Start of Records shown
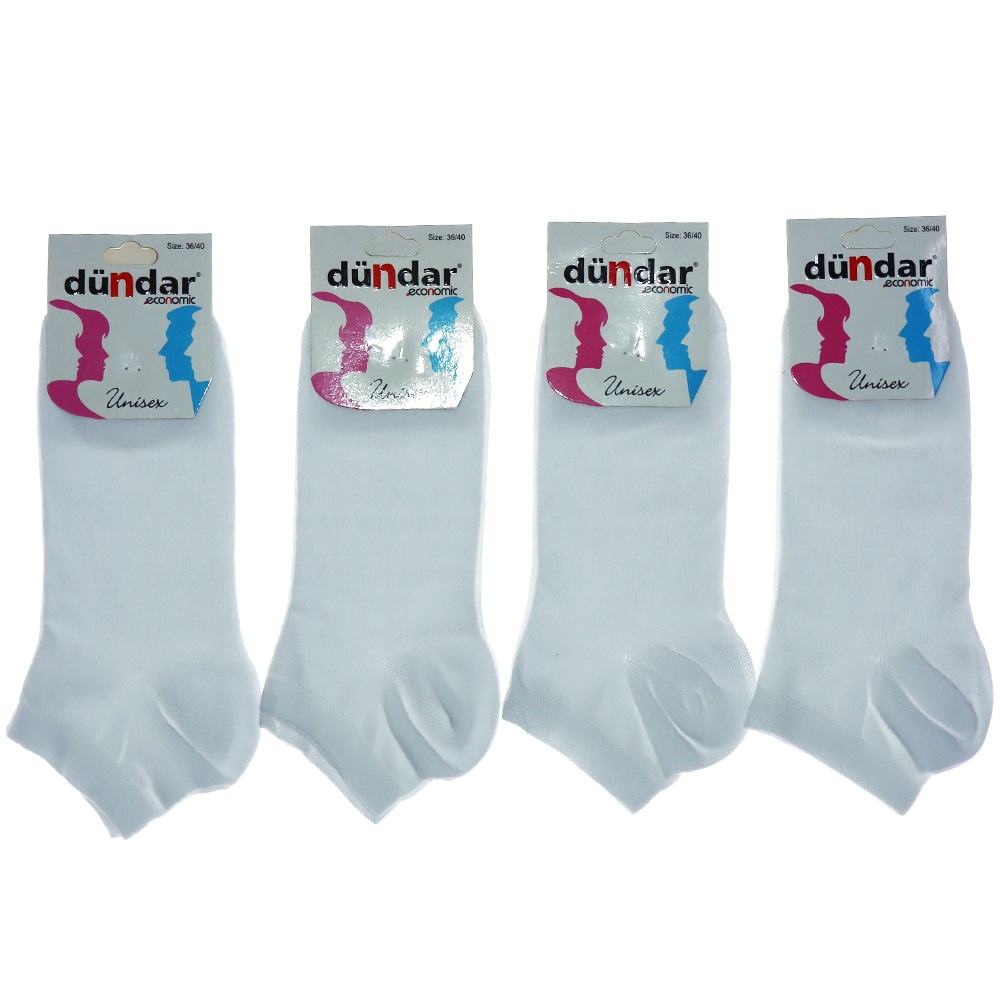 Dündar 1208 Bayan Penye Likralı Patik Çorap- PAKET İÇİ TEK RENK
End of Records shown
Start of Records shown
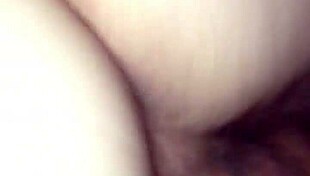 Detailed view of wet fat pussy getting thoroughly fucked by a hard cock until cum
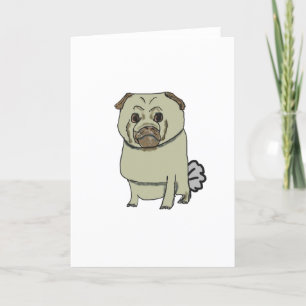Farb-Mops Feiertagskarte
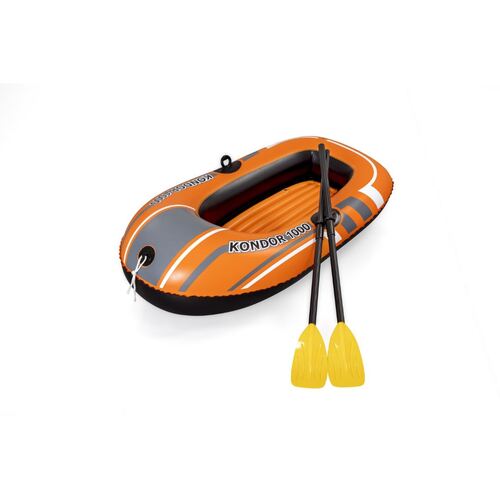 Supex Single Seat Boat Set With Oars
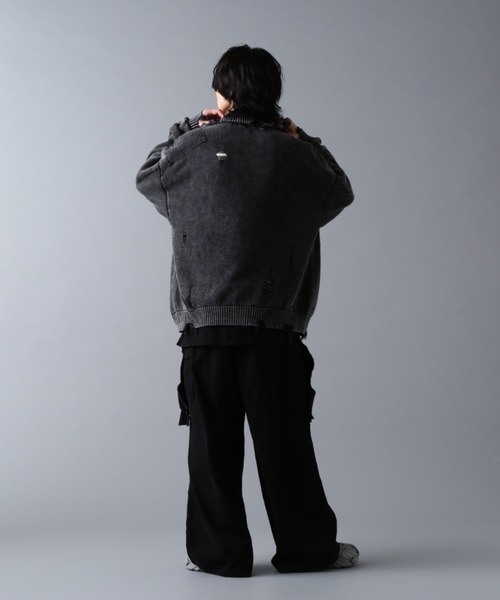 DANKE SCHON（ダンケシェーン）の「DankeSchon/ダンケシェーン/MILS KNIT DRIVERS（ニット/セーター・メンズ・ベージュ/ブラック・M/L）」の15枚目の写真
End of Records shown
Start of Records shown
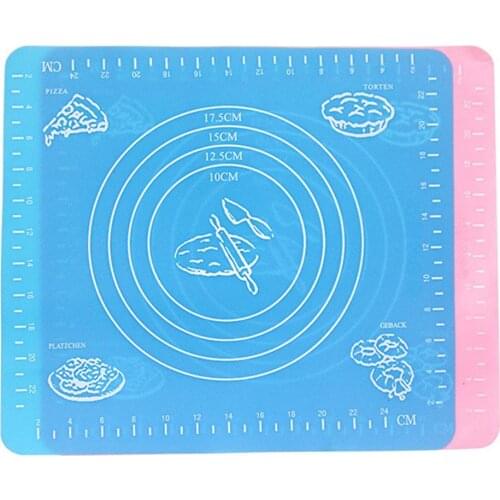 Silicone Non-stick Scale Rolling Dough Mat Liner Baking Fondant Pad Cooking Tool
End of Records shown
Activity: Repeat the lines above exactly, beginning with the one containing "Farb-Mops Feiertagskarte" and finishing with the one containing "DANKE SCHON（ダンケシェーン）の「DankeSchon/ダンケシェーン/MILS KNIT". No pictures belong in the copy.

Response for this exercise:
Farb-Mops Feiertagskarte
 Supex Single Seat Boat Set With Oars
 DANKE SCHON（ダンケシェーン）の「DankeSchon/ダンケシェーン/MILS KNIT DRIVERS（ニット/セーター・メンズ・ベージュ/ブラック・M/L）」の15枚目の写真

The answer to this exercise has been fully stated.